* _The task_
All lines from the one bearing "Foto del edificio - 2903 E 3rd St" through the end of the data below must be printed exactly as they stand, with pictures removed.

Segment Start: Stored data

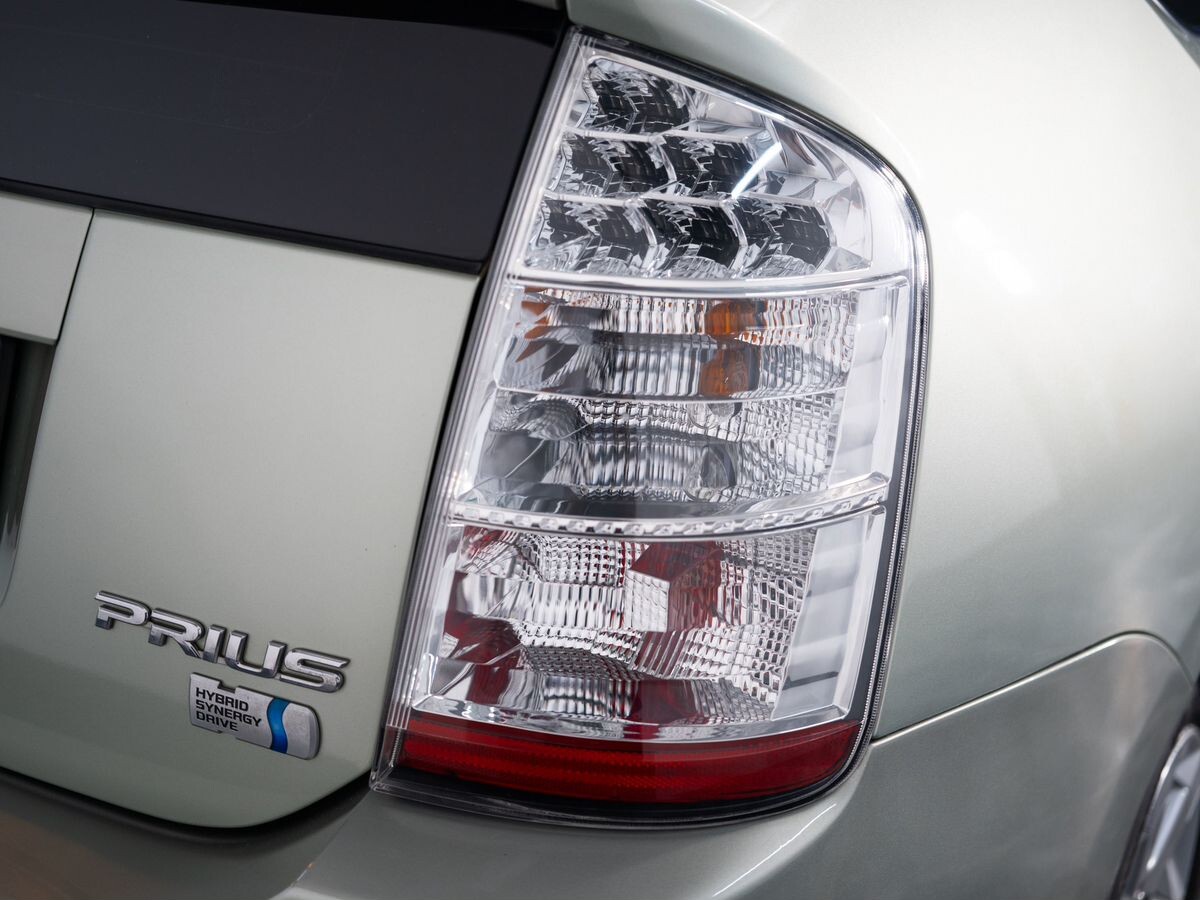 Toyota Prius 2008 - фото автомобиля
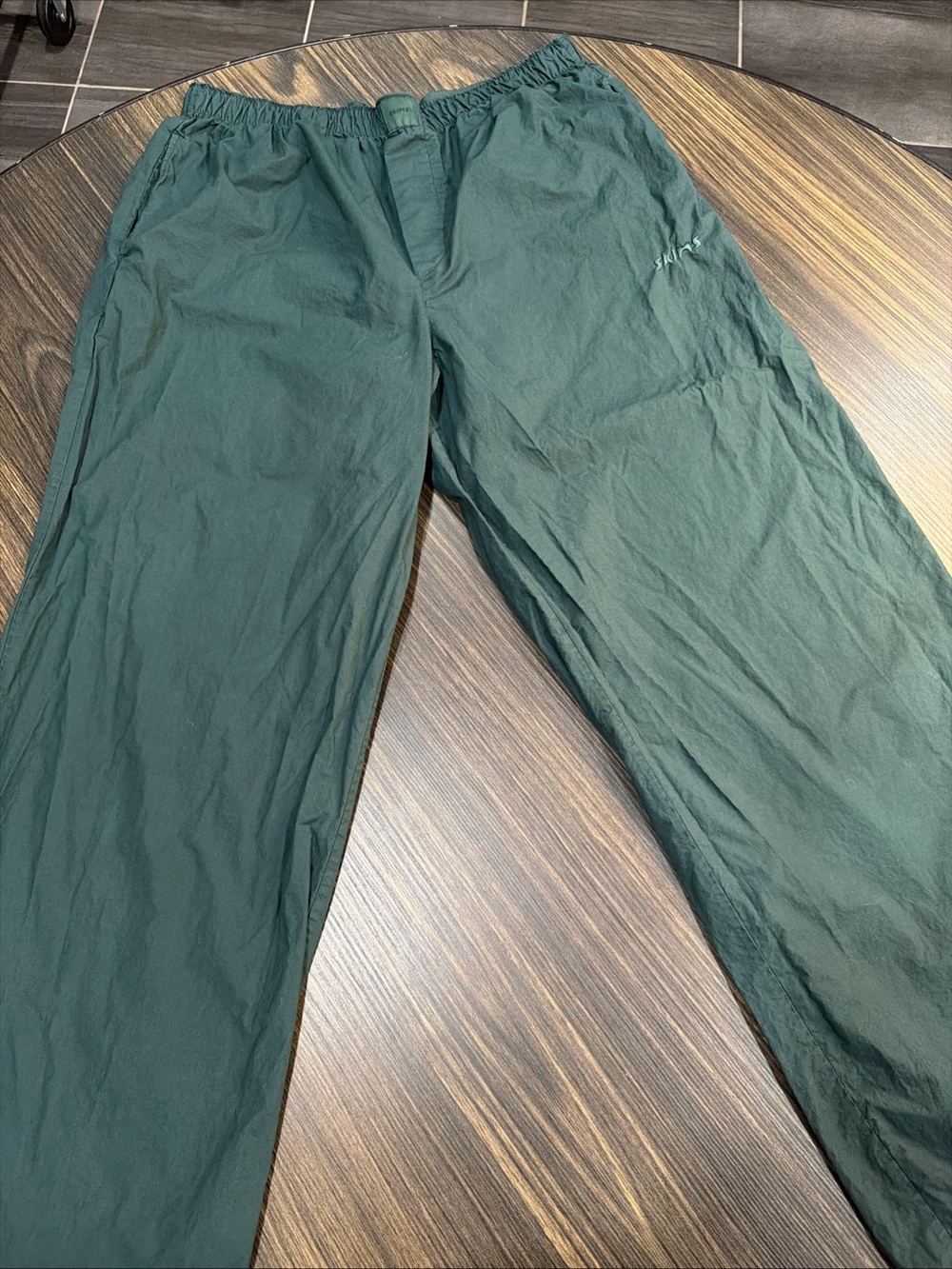 Skims Dark Forest Green Pull on Track Pants Size Large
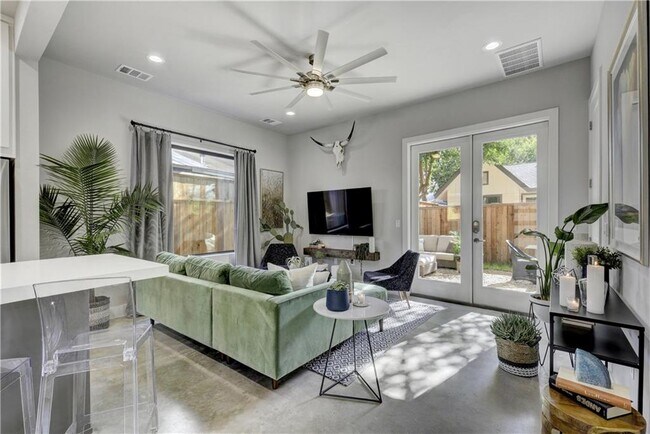 Foto del edificio - 2903 E 3rd St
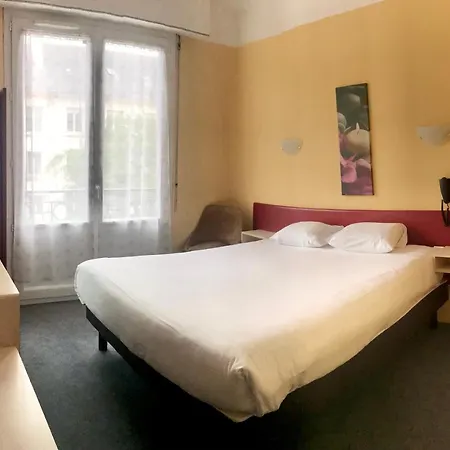 Le Bretagne Hotel 2*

Segment End: Stored data

* _Reply to the task_
 Foto del edificio - 2903 E 3rd St
 Le Bretagne Hotel 2*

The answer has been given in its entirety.